Releases: HazyResearch/pdftotree
Releases · HazyResearch/pdftotree
v0.5.0
0.5.0 - 2020-10-13
Added
- Support for Python 3.8. (#86, @HiromuHota)
Changed
- Switch the output format from "HTML-like" to hOCR. (#62, @HiromuHota)
- Loosen Keras' version restriction, which is now unnecessarily strict. (#68, @HiromuHota)
- Greedily extract contents from PDF even if it looks scanned. (#71, @HiromuHota)

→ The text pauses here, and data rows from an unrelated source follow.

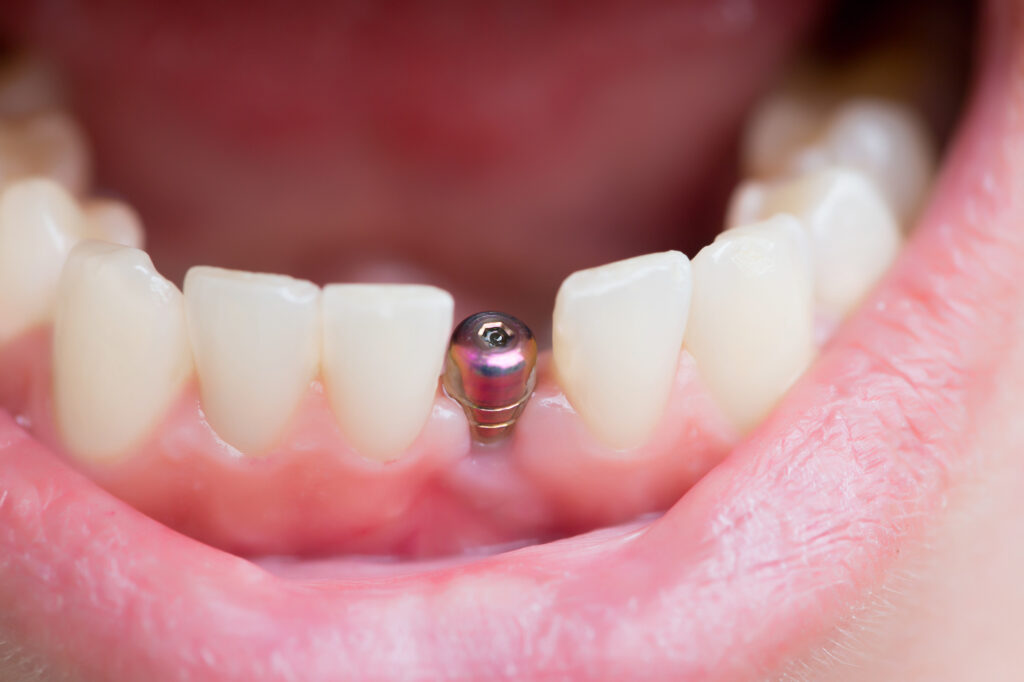 Preparing Yourself for Dental Implant Surgery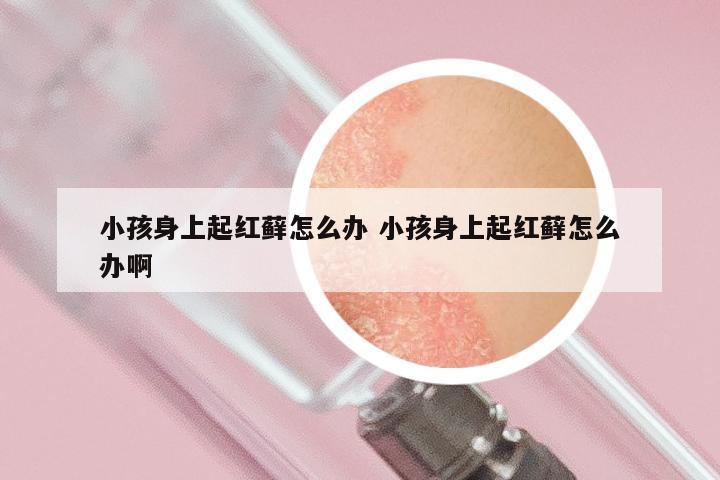 小孩身上起红藓怎么办 小孩身上起红藓怎么办啊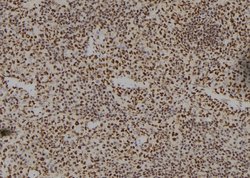 Invitrogen HOXA11 Polyclonal Antibody 100 &mu;L; Unconjugated:Antibodies,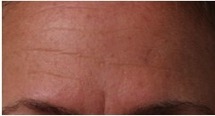 collagen induction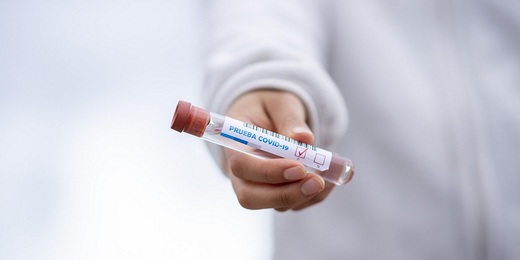 Universidades do Rio de Janeiro participam de parceria que monitora avanço da pandemia
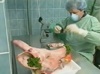 Phaco Follies II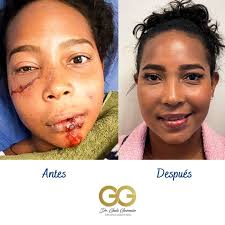 Galo Fernando Guzmán Castillo (@galofernandogc) • Foto dan video Instagram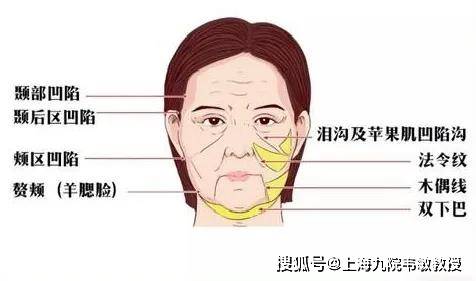 九院韦敏教授丨警惕面部初老征兆,如何用医疗美容方式改善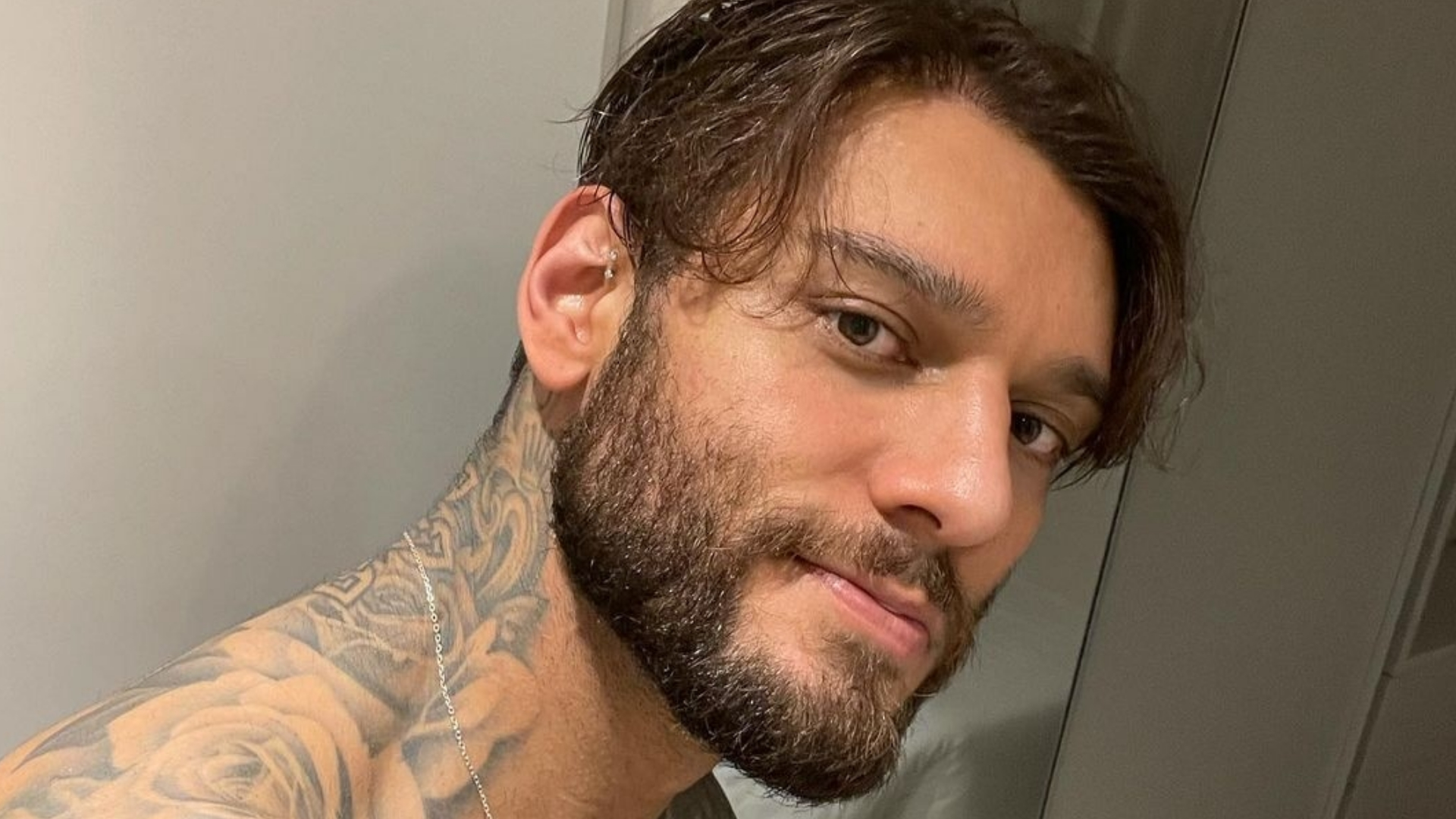 Lucas Lucco mostra machucados após acidente em casa: “Tô melhor”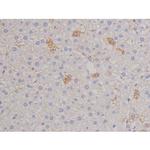 Phospho-FAK (Tyr576) Antibody in Immunohistochemistry (Paraffin) (IHC (P))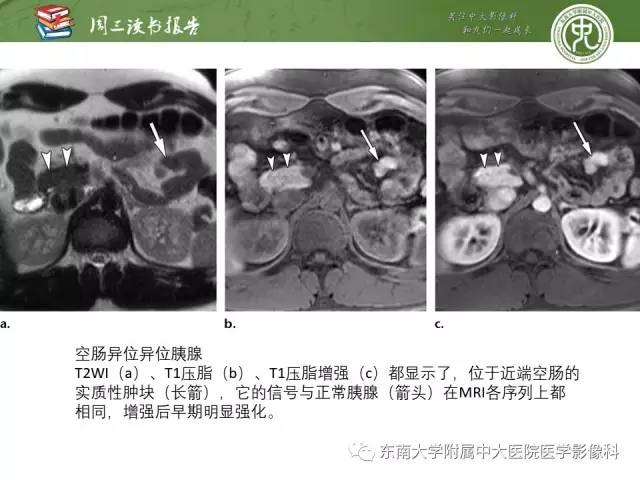 【PPT】异位胰腺：组织病理学，影像学特征及并发症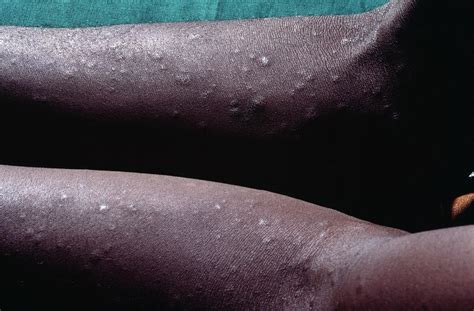 Syphilis Rash In An Aids Patient Photograph By Dr Ma Ansaryscience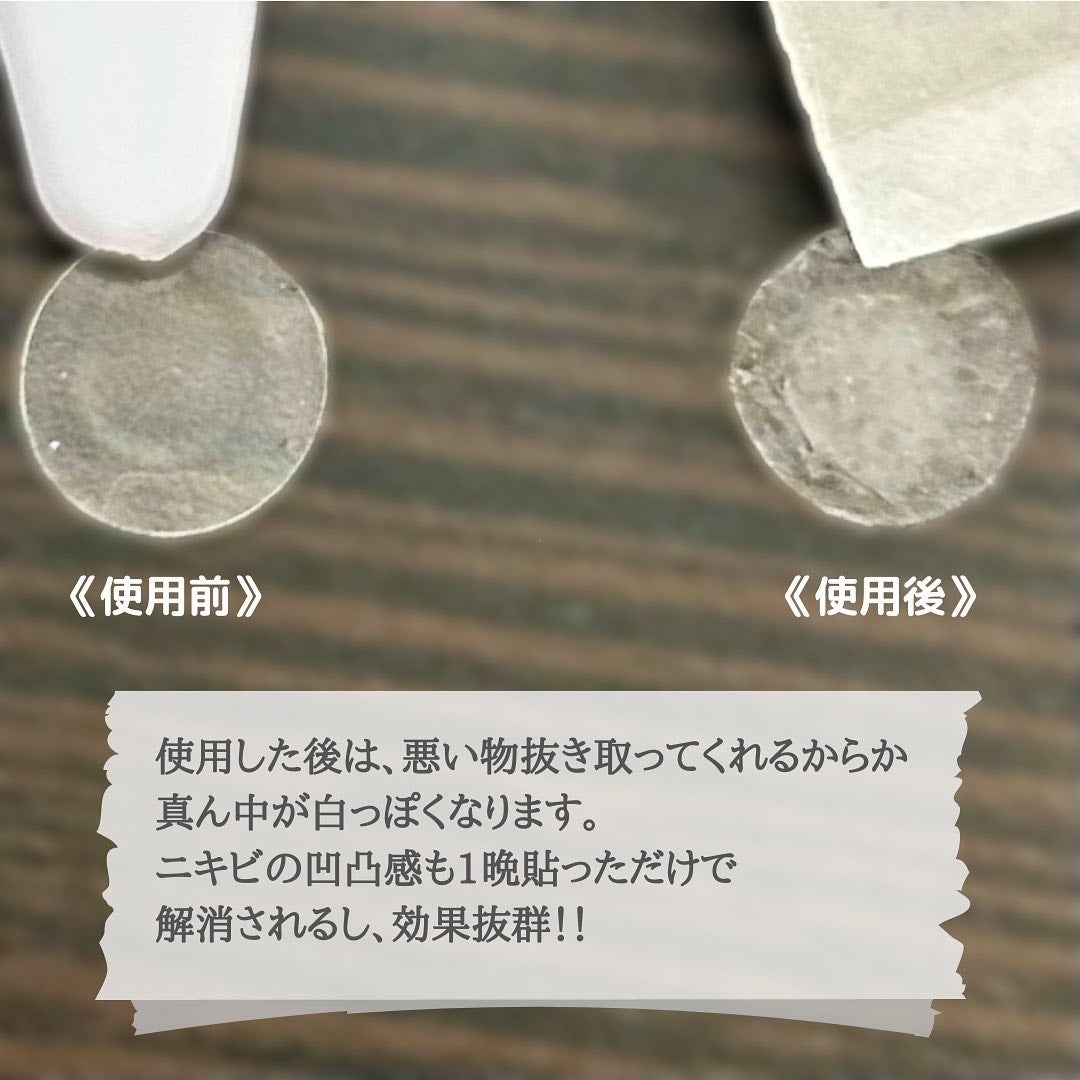 カーミングクリアスポットパッチ/Pyunkang Yul/にきびパッチを使ったクチコミ(7枚目)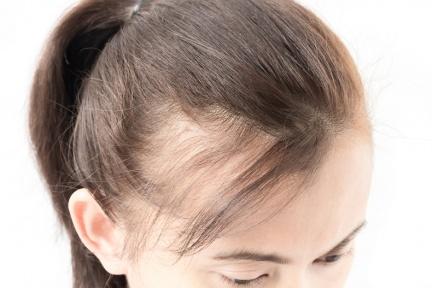 狂掉髮、頭皮癢？小心！有這6大徵兆代表你的頭皮正在加速老化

- Upgrade Keras to 2.4.0 or later (and TensorFlow 2.2 or later). (#86, @HiromuHota)
Removed
- Remove "favor_figures" option and extract everything. (#77, @HiromuHota)
- Remove "dry_run" option. (#89, @HiromuHota)
Fixed
- Fix a bug that an html file is not created at a given path. (#64, @HiromuHota)
- Extract LTChar even if they are not children of LTTextLine. (#79, @HiromuHota)
v0.4.1
This release marks the end of development for the v0.4.x version of pdftotree
. Going forward, we plan to change pdftotree
to conform to hOCR with v0.5. For this process, we welcome @HiromuHota as a new maintainer.
If you would like to give feedback for this refactor, we invite you to comment in #62.